- Provided data -
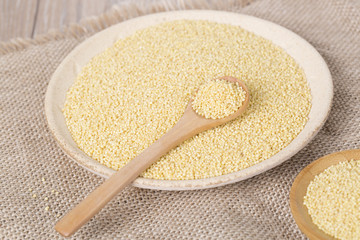 Yellow millet seeds in a wooden bowl on the table
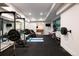 Fully-equipped home gym featuring workout equipment and a mirrored wall for fitness enthusiasts at 2495 Red Hawk Pl, Broomfield, CO 80023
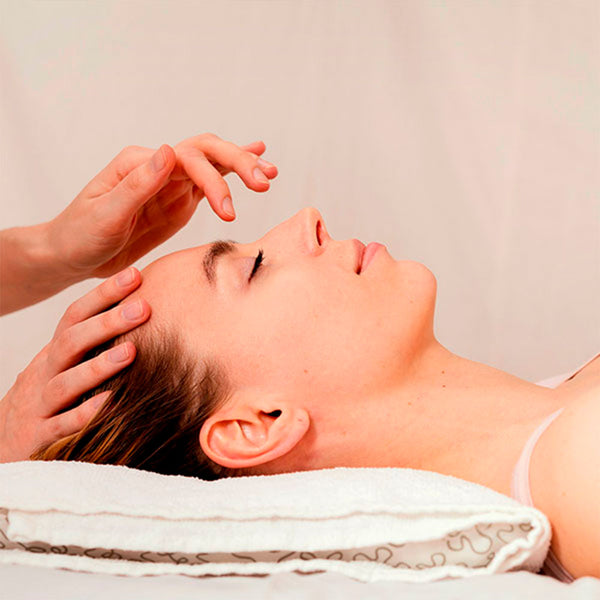 Como parte da experiência do Day Spa wintergreen a foto mostra o lado direito do rosto de uma mulher que está deitada com a cabeça apoiada em um travesseiro branco coberto com uma toalha também branca. Uma mão direita está apoiada no topo da cabeça enquanto a esquerda está suspensa sobre o rosto com o indicador levemente inclinado para o meio das sobrancelhas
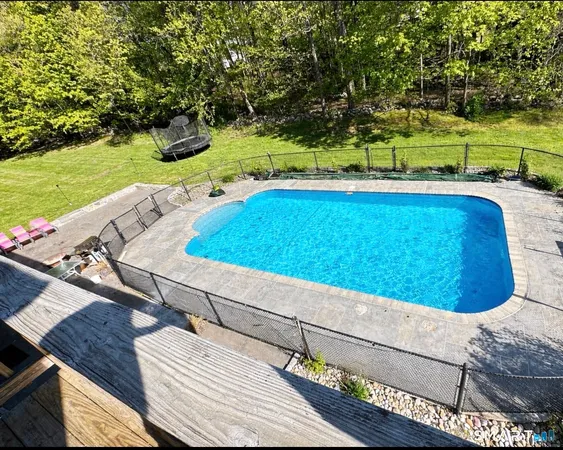 a view of swimming pool with a yard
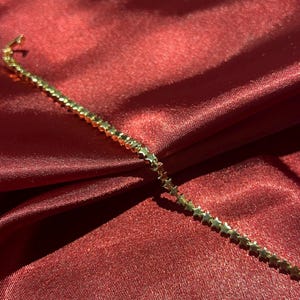 Pode incluir: Uma pulseira de corrente em tom dourado com uma série contínua de pequenos elos uniformes em forma de estrela. Os elos metálicos estão ligados em linha reta, criando um padrão delicado e repetitivo ao longo da peça de joalharia.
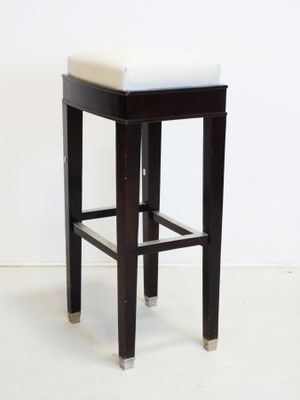 an image of a black and white stool with a white cushion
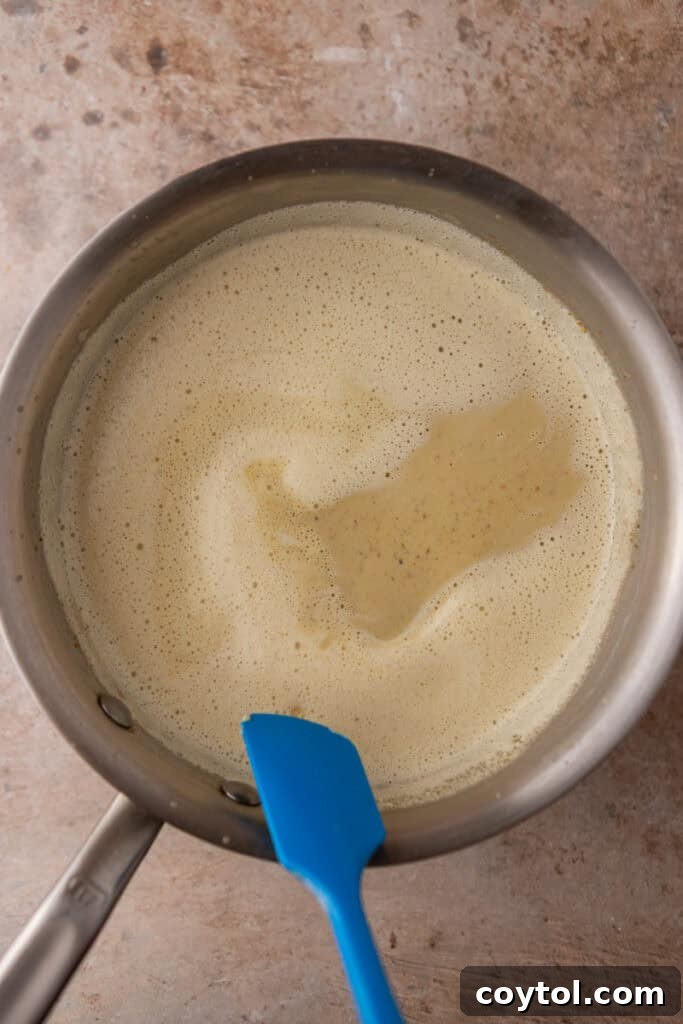 Crafting the Ultimate Homemade Pistachio Ice Cream 10 Tempering egg yolks with hot pistachio mixture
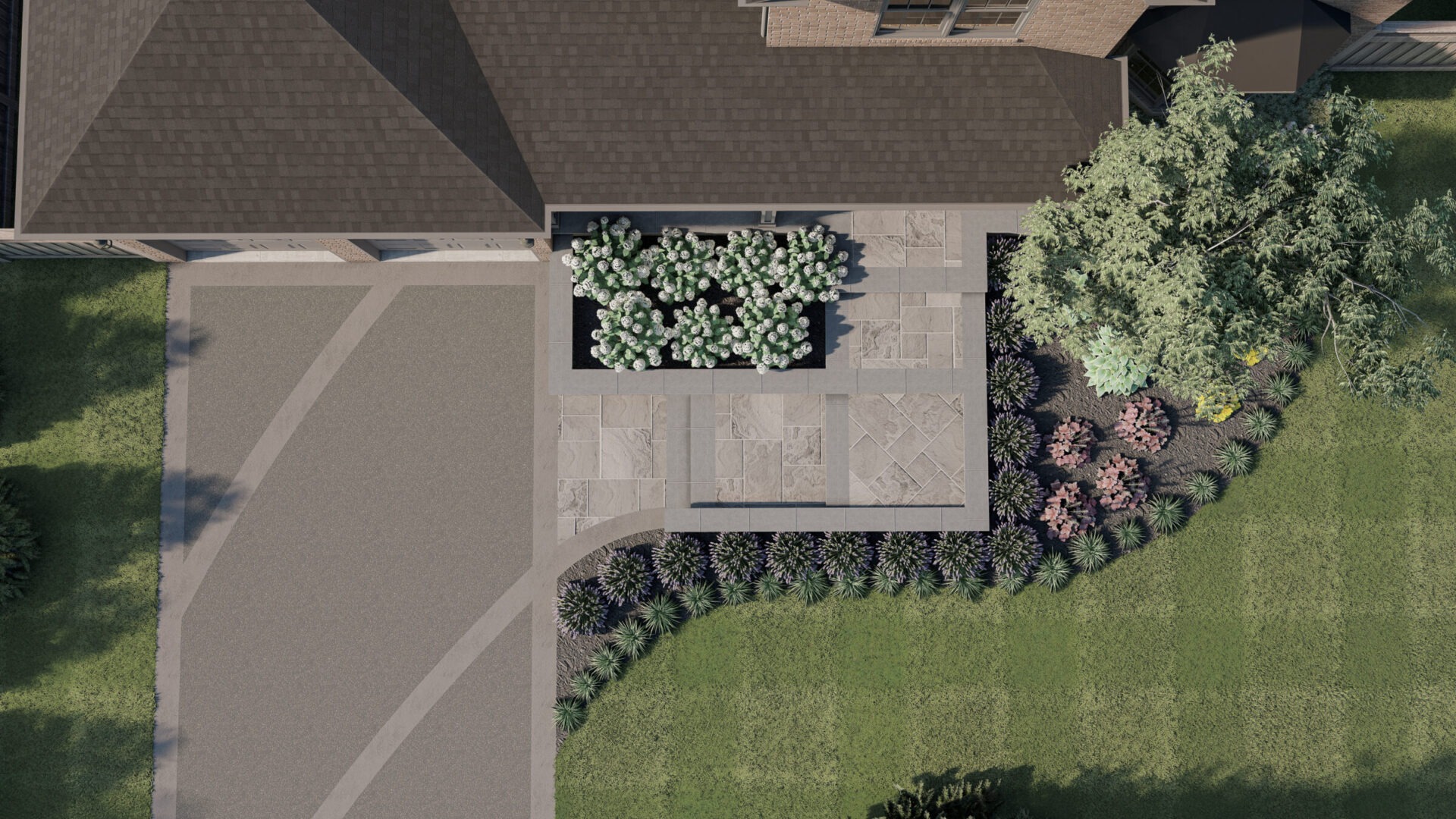 Aerial view of a landscaped garden with geometric pathways, surrounded by trees and flowers, adjacent to a building with a dark roof.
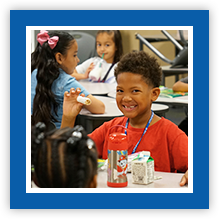 Happy elementary boy enjoying lunch linking to Littleton Foundation for Education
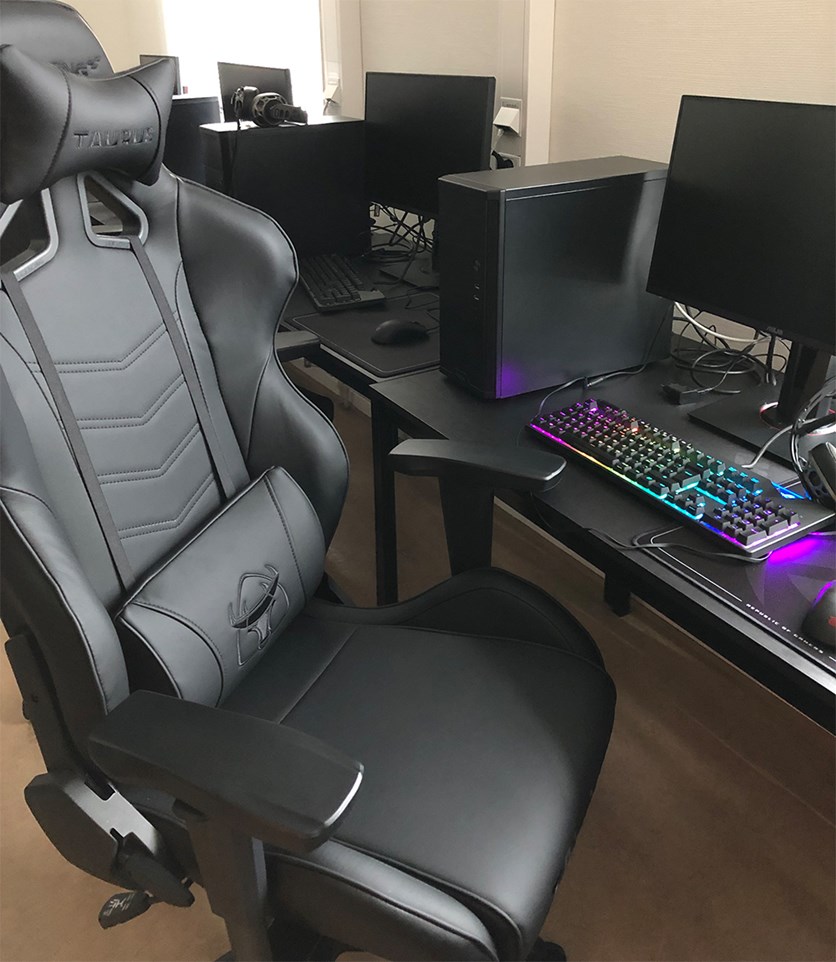 En gamingdator med skiftande färger på tangentbord och en stol avsedd för "gaming".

- Task instructions -
Nothing but the lines from the one that contains "Happy elementary boy" through the last line of the material should be written out, exactly. Omit pictures.

- Expected answer -
 Happy elementary boy enjoying lunch linking to Littleton Foundation for Education
 En gamingdator med skiftande färger på tangentbord och en stol avsedd för "gaming".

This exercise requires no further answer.